What is needed: Begin at the top of the records below and print each line exactly until the line containing "Turtleneck Long Sleeve" has been printed; any pictures are to be left out.

◆ ◆ ◆ ◆ ◆ ◆ ◆

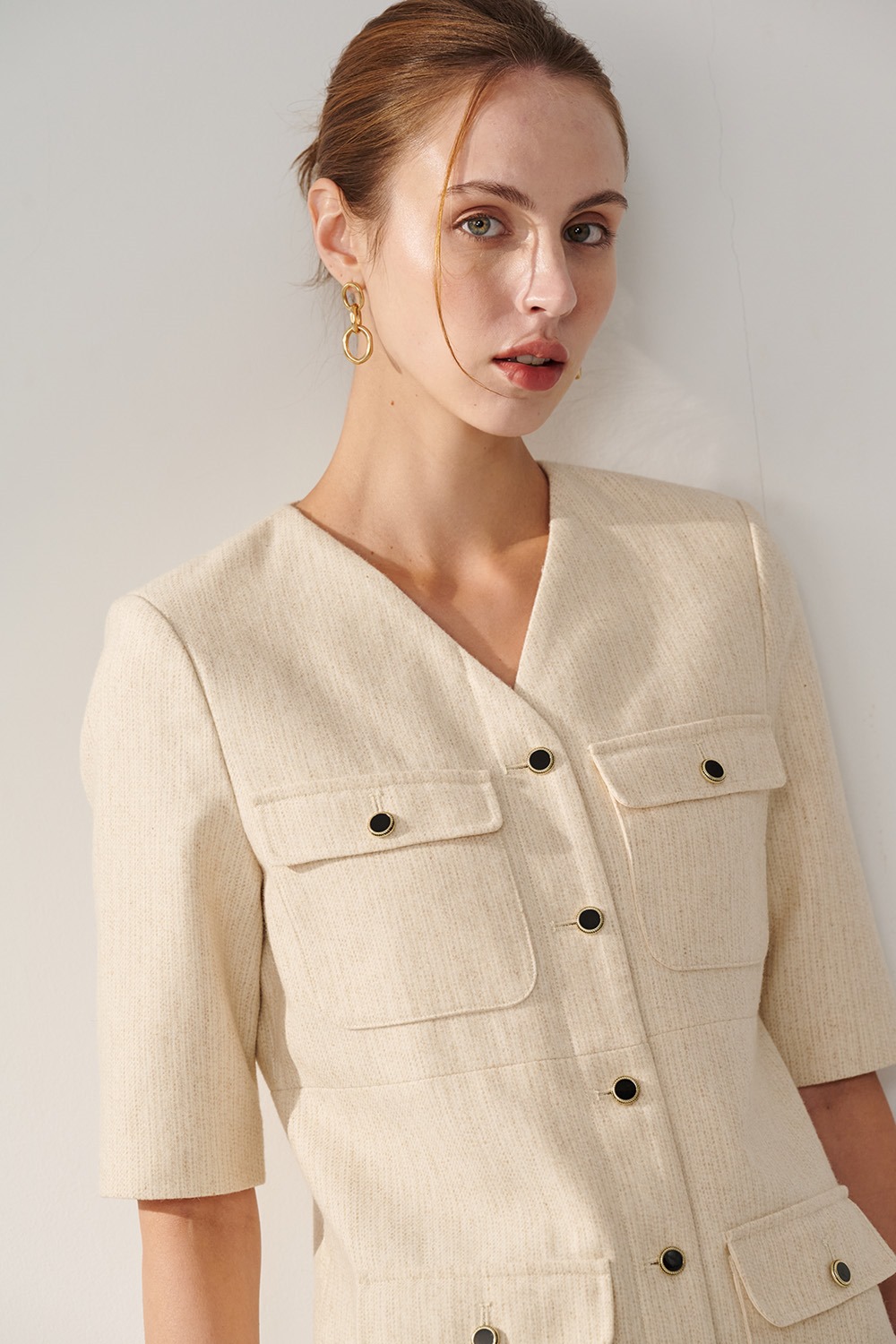 SST&C Beige V-Neck Thin Woolen Dress | 01222410002_4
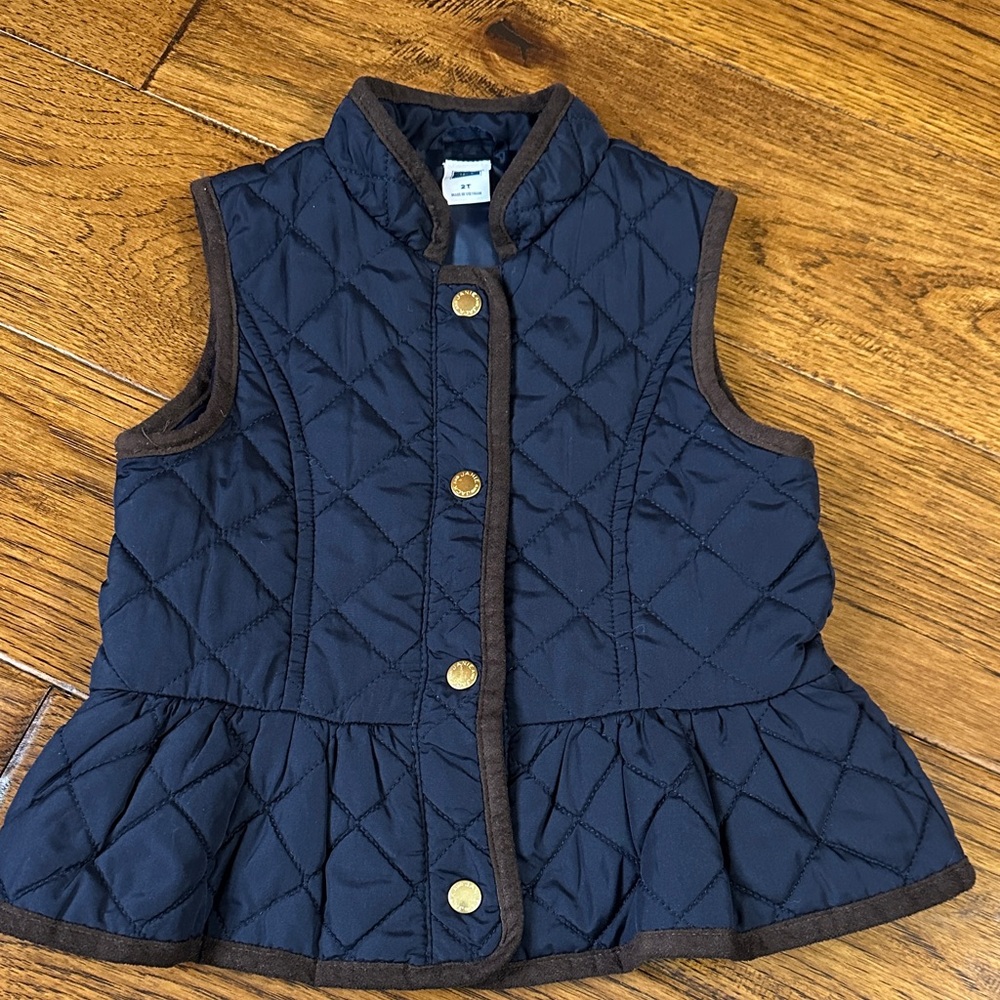 Janie and Jack Navy Quilted Vest with Brown Trim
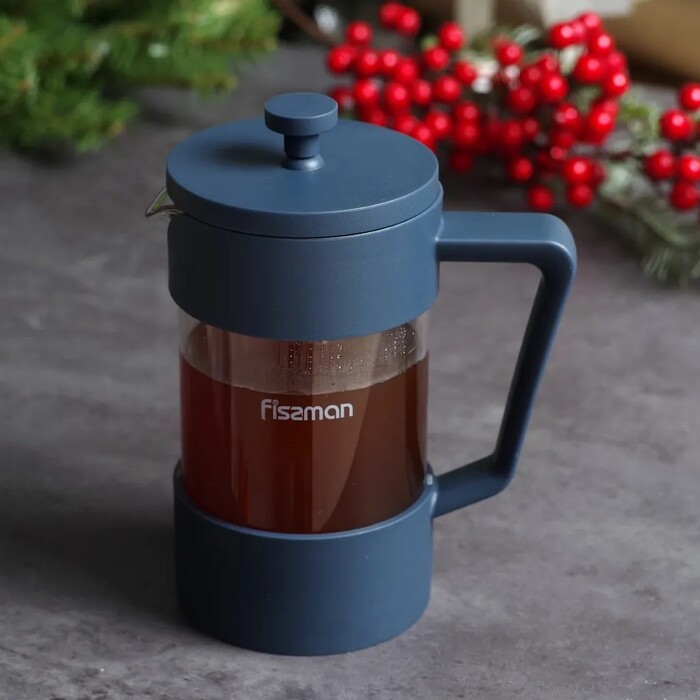 Заварювальний чайник з поршнем Fissman FLAT WHITE 1000 мл скляна колба (9116)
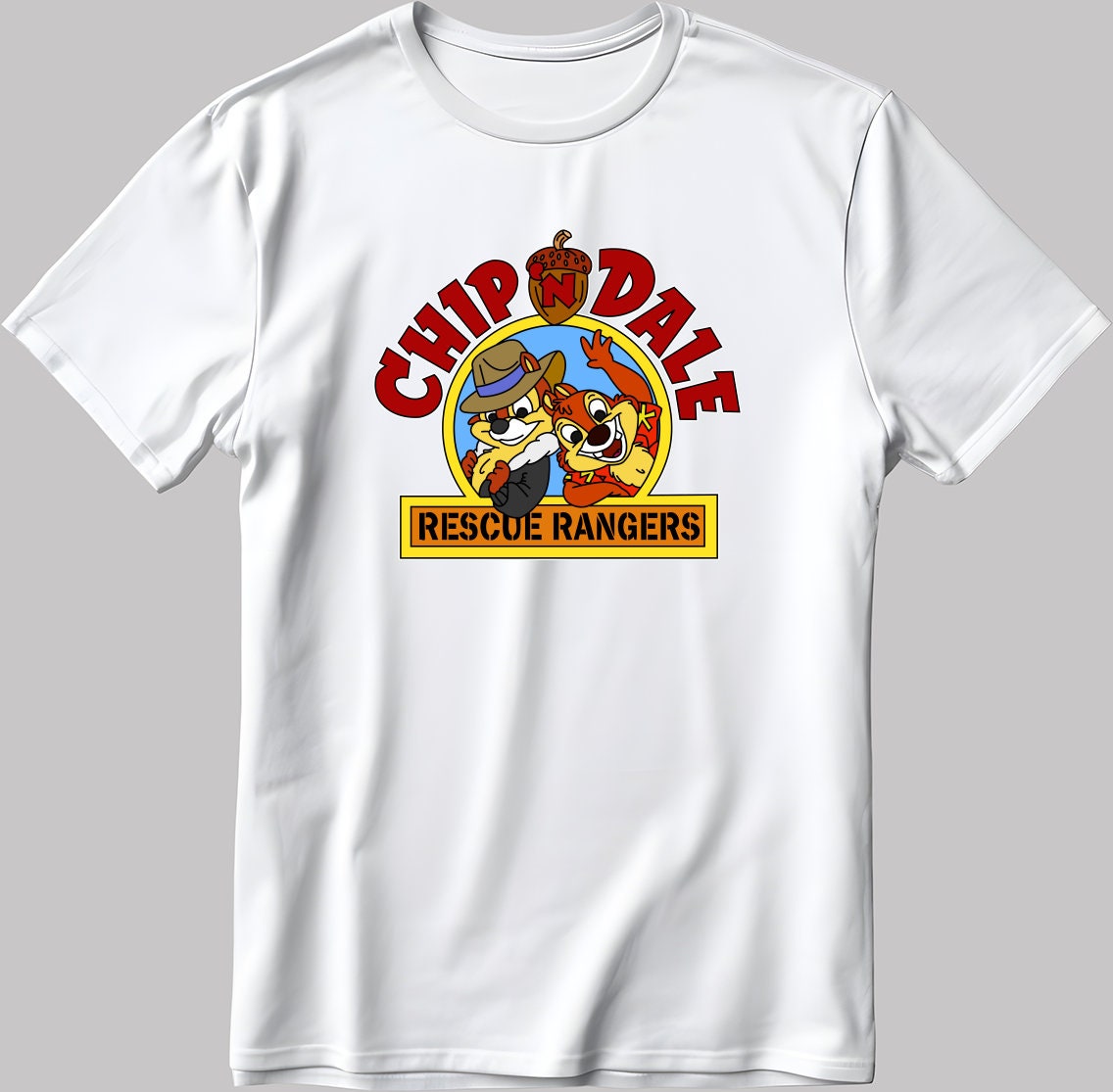 Chip'n Dale Rescue Rangers Short Sleeve White-Black Men's / Women's T Shirt L328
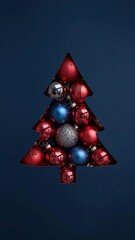 Christmas tree shape made of ornaments on dark blue background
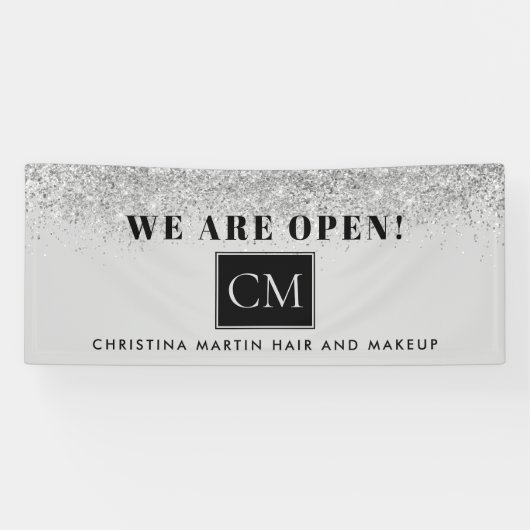 ヘア＆メイク シルバーグレイ グリッター 再開 横断幕 (横)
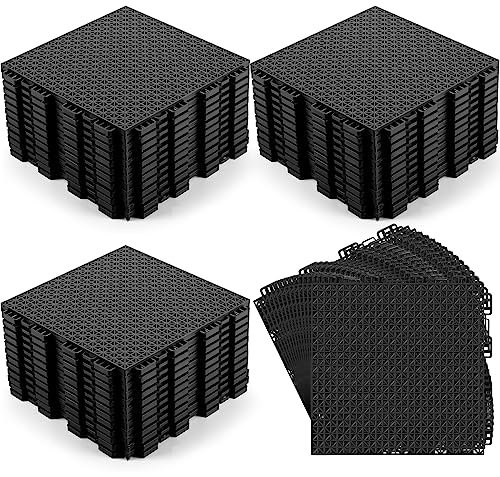 Thyle Lot de 50 tapis de drainage emboîtables en caoutchouc antidérapant pour garage, salle de bain, terrasse, douche - 25,4 x 25,4 cm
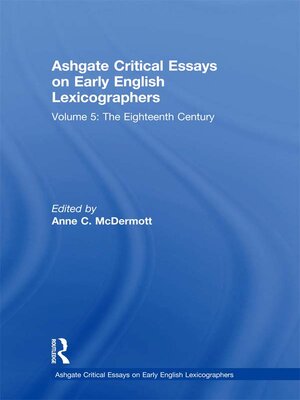 cover image of Ashgate Critical Essays on Early English Lexicographers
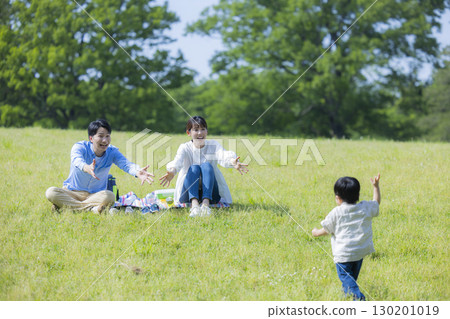 Family having a picnic 130201019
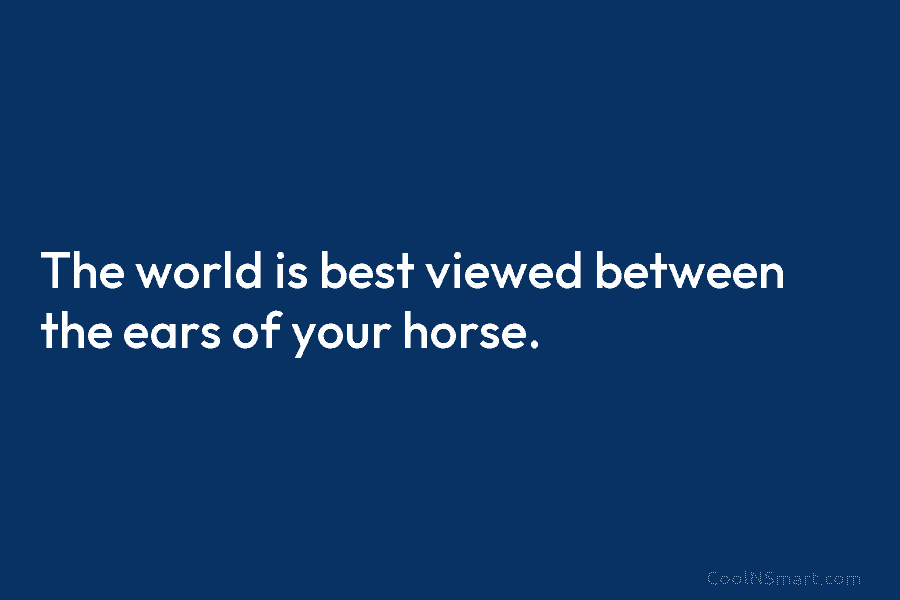 The world is best viewed between the ears of your horse.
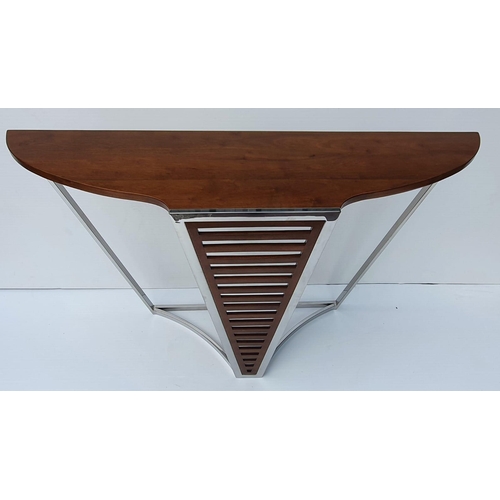 138 - Exceptional quality chrome and walnut consul table in the Art Deco style {cm H x cm W x cm D}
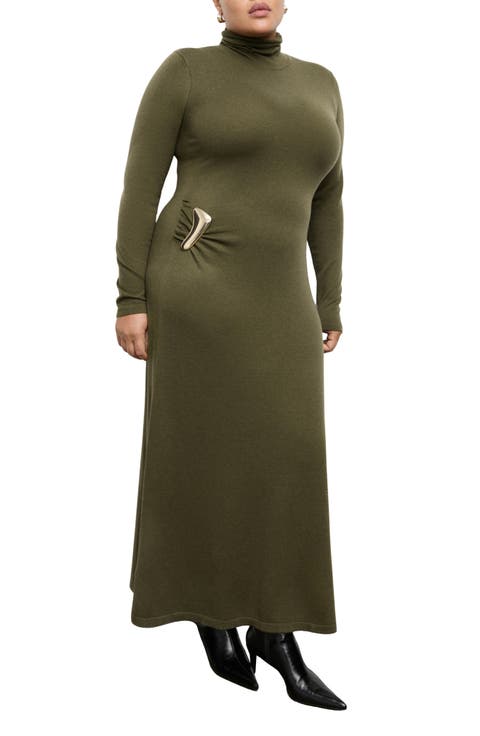 Turtleneck Long Sleeve Knit Dress (Regular & Plus)
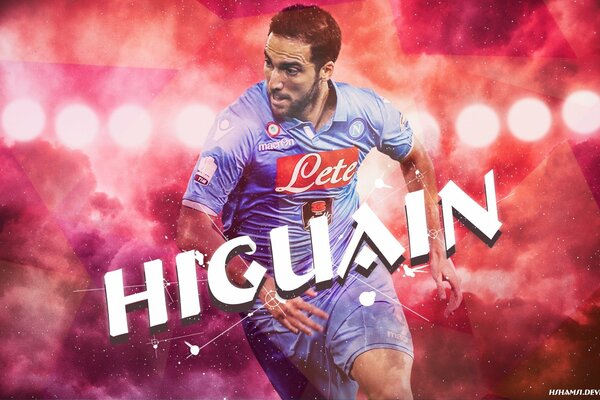 Screensaver con attaccante della squadra di calcio italiana Higuain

◆ ◆ ◆ ◆ ◆ ◆ ◆

Written solution:
 SST&C Beige V-Neck Thin Woolen Dress | 01222410002_4
 Janie and Jack Navy Quilted Vest with Brown Trim
 Заварювальний чайник з поршнем Fissman FLAT WHITE 1000 мл скляна колба (9116)
 Chip'n Dale Rescue Rangers Short Sleeve White-Black Men's / Women's T Shirt L328
 Christmas tree shape made of ornaments on dark blue background
 ヘア＆メイク シルバーグレイ グリッター 再開 横断幕 (横)
 Thyle Lot de 50 tapis de drainage emboîtables en caoutchouc antidérapant pour garage, salle de bain, terrasse, douche - 25,4 x 25,4 cm
 cover image of Ashgate Critical Essays on Early English Lexicographers
 Family having a picnic 130201019
 The world is best viewed between the ears of your horse.
 138 - Exceptional quality chrome and walnut consul table in the Art Deco style {cm H x cm W x cm D}
 Turtleneck Long Sleeve Knit Dress (Regular & Plus)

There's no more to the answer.